Das ist aber absolut ok und ich versuche weder dranzubleiben, noch bin ich demotiviert. Ich trabe einfach in meiner Geschwindigkeit weiter und finde es einfach super cool, dass ich tatsächlich auf dem besten Weg bin einen Halbmarathon zu laufen. Mein letzter Halbmarathon war während dem IRONMAN 70.3 Kraichgau 2016. Ich habe zahlreiche Gehpausen gemacht, weil mein Knie immer mehr angeschwollen ist. Heute trage ich die Bandage und mein Knie ziept noch nicht mal. Das hätte der Arzt damals, als ich die Bandage bekommen habe, auch nicht gedacht. 

Natürlich werde ich zum Ende der Distanz langsamer, aber ich trabe noch. Ich muss ein paar mal bei diesem Lauf anhalten und Nachsprühen. So eine Dauerbelastung beim Laufen ist halt doch etwas anderes für meine Lunge, als eine Runde auf dem Fahrrad. Da ich aber heute nicht um eine Bestzeit kämpfe und auch nicht zu einer bestimmten Zeit im Ziel sein muss, weil ich erwartet werde, ist eine Pause mehr oder weniger absolut egal. Ich bin übrigens auch schon in Ziele eingelaufen, die bereits abgebaut wurden, weil der Veranstalter nicht erwartet hat, dass wirklich noch jemand auf der Strecke unterwegs ist. Bei Laufwettkämpfen ist das offensichtlich möglich. 

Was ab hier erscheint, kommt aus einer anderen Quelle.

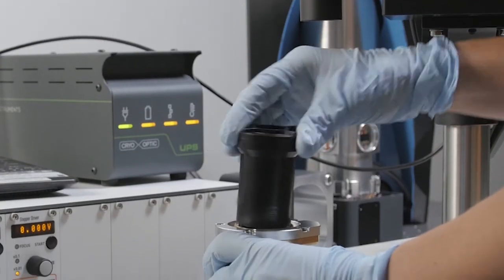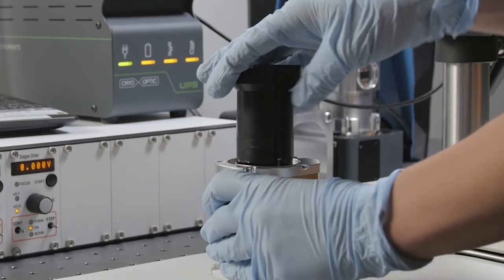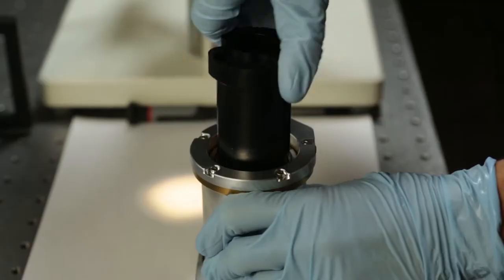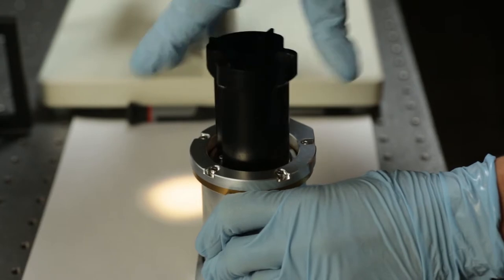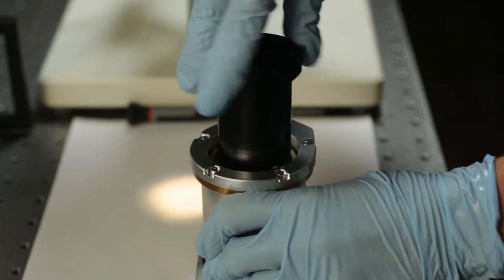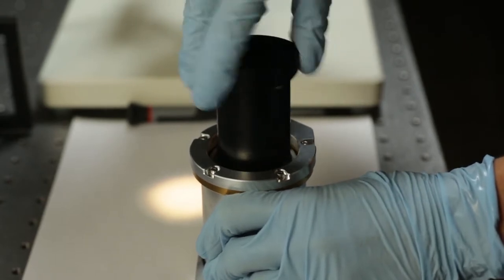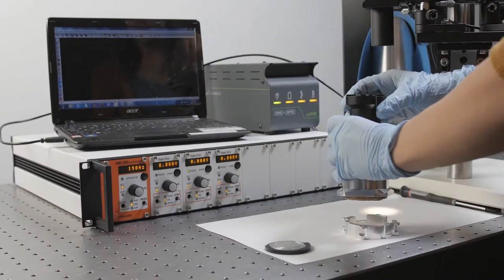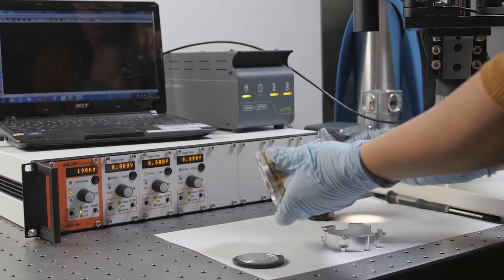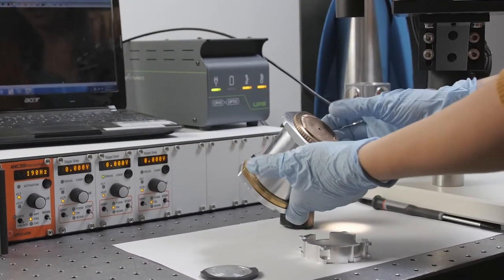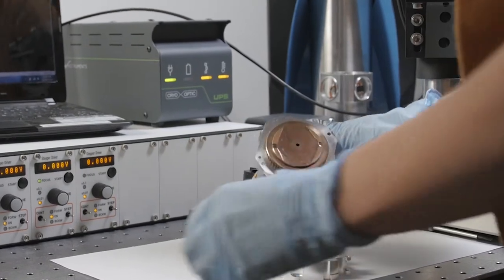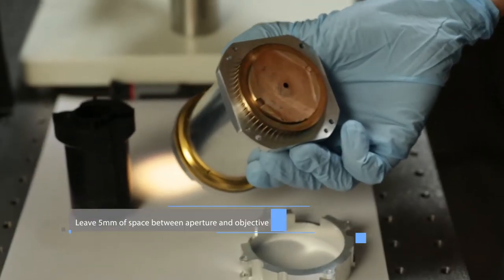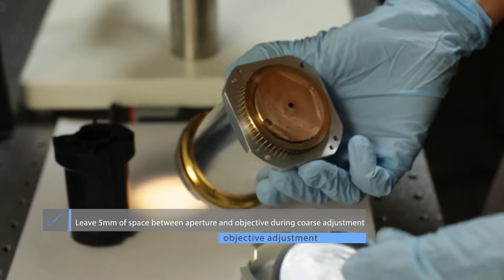We'll start to coarsely adjust it by just twisting down. If the threads ever catch, you want to back off so you don't get it stuck. I'm checking to make sure that the aperture and objective don't crash. And once they're close enough, I can do the fine adjustment with this reference disc.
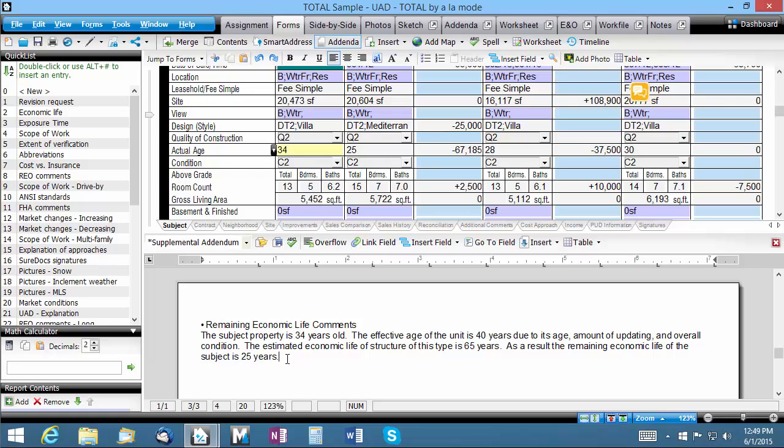If you have an addenda you've written that you use on a recurring basis, chances are there are comments contained in it that refer back to data from the report itself. Each time you use this addenda, you have to remember to review it and update all the references to the current report.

Ich laufe heute tatsächlich einen Halbmarathon. Das ganze geheime Tapering und die Schonung über die Woche mit der Lauf ABC Mobilisation hat ihr übrigens getan. Klar bin ich jetzt ganz schön geschafft. Das war anstrengend. Nicht nur für meine Beine, sondern für meinen ganzen Körper. Ich habe die Kopfhörer nicht genutzt, weil ich keinerlei Ablenkung gebraucht habe. Die Welt war Zeitvertreib genug. Etwas mehr zu trinken wäre cool gewesen, aber vielleicht nur ein Schluck. Und im Grunde habe ich einfach gleich im Ziel daheim ordentlich getrunken und auch etwas gegessen, noch ehe ich mich um die wohlverdiente Dusche und die Muskulatur gekümmert habe.